120/126 Ratchaprarop Rd. BTS Phayathai
Customs House (Rong Phasi Roi Chak Sam)
This 130-year-old landmark on the banks of the Chao Phraya was built in 1888 as part of King Rama V’s modernization of Siam. It was designed by Italian architect Joachim Grassi in the neo-Palladian style and considered one of the most advanced examples of Western architecture in its time. In addition to serving as a customs office that collected taxes on inbound and outbound cargo, the building served as a venue for parties attended by members of the royal family and their distinguished foreign guests. The building was also part of celebrations held when H.M. King Chulalongkorn returned to Bangkok after his first visit to Europe. In 1959, the Customs House was repurposed into the Bang Rak Fire Station. Currently, the building is closed and remains in a state of disrepair. It was announced in late 2019, however, that the Treasury Department had teamed up with U City Public Company Limited to begin restoration of the landmark, aiming to turn it into a luxury riverside hotel to open in 2025.
37 Charoenkrung Rd. Oriental Pier
Grand Postal Building
Walking around the spacious terrace of the Grand Postal Building will give you major European communist vibes, thanks to its brutalist architecture. Think exposed bricks, a subdued monochrome palette and imposing Garuda sculptures. Opened in 1940 on the former site of the British Embassy, the building was designed by architects Phrasarot Ratnanimman and Jitrasen Aphaiwong in a mixture of Art Deco and International Style architecture, a major movement that emerged in the 1920s and 1930s. Today, the building functions as a post office and is also home to the Thailand Creative and Design Center (TCDC). It’s also a popular backdrop for pre-graduation and Instagram photoshoots. While you’re there, be sure to head up to the free-access rooftop space on the 5th floor to take some cool snaps of Charoenkrung from above.

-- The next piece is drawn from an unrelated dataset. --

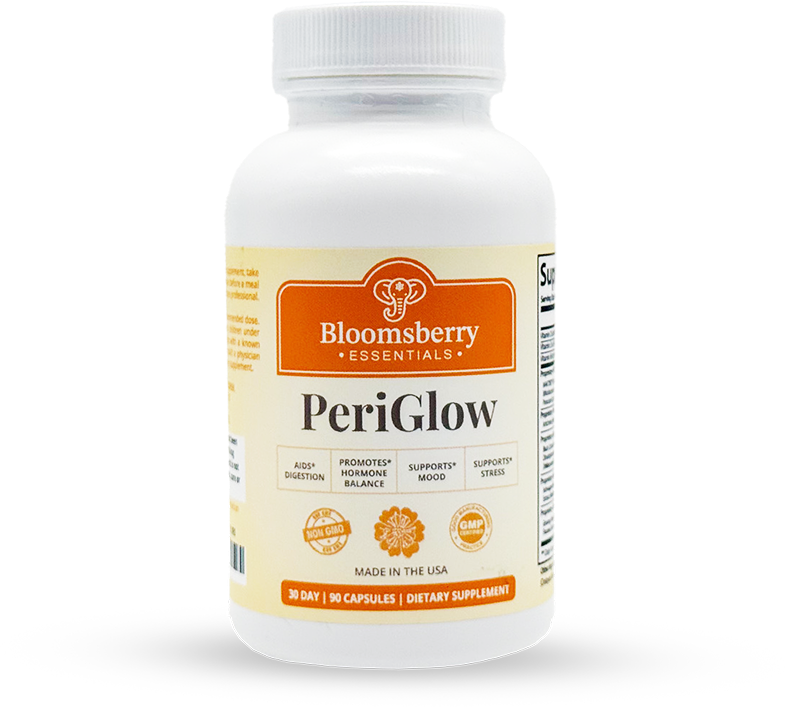 PeriGlow Bottle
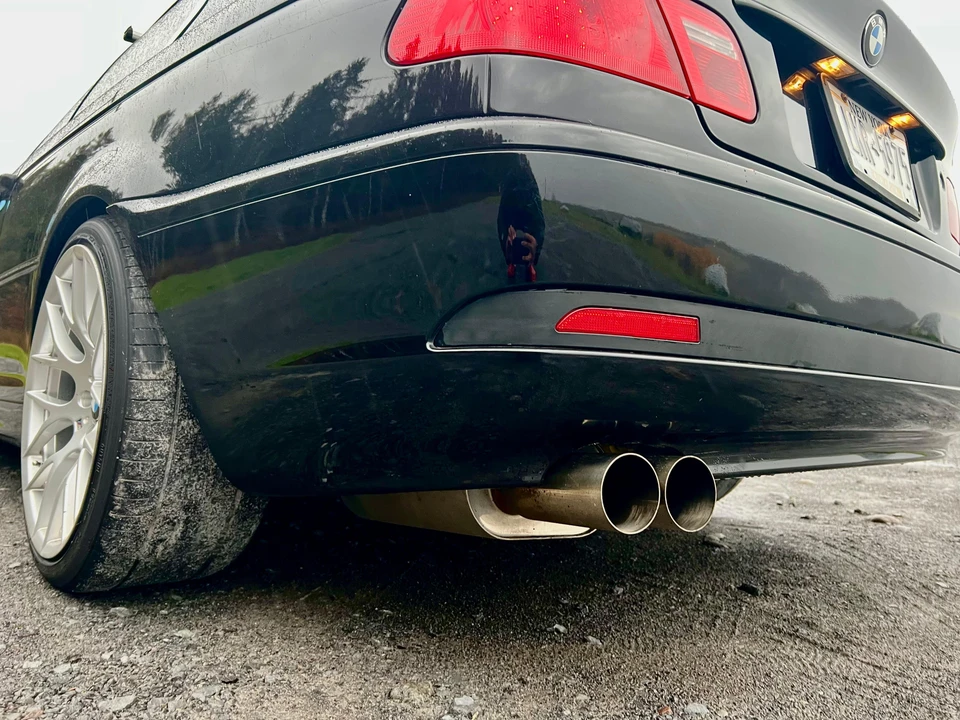 2006 BMW E46 3 Series - Image 18 of 31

1160 Charoenkrung Rd. Si Phraya Pier
Neighborhood: Wang Burapha-Phahurat
If Siam Square is a melting pot for Bangkok teenagers today, then in the 1960s it was the Nightingale-Olympic. Founded in 1930 by Nat Niyomvanich, it was Thailand’s first department store and, somewhat surprisingly, it’s still in business. Its gloomy, time-worn façade hardly draws crowds now, but judging by its striking brutalist exterior, it must have been ahead of its time in contrast to the shophouses in the neighborhood. With its “Hub of Sporting Goods, King of Musical Instruments, Queen of Cosmetics” slogan, Nightingale was the center of shopping. In its heyday, you would find stationery, clothes, cosmetics, lingerie, sports equipment and musical instruments, many of which were imported from America and Europe, as well as a beauty salon dedicated to the Merle Norman brand. Today, the multi-story, non-air conditioned mall is run by Aroon Niyomvanich, Nat’s younger sister, and is seemingly stuck in a time warp, displaying retro-kitsch products and time-worn mannequins that are a little creepy, to say the least.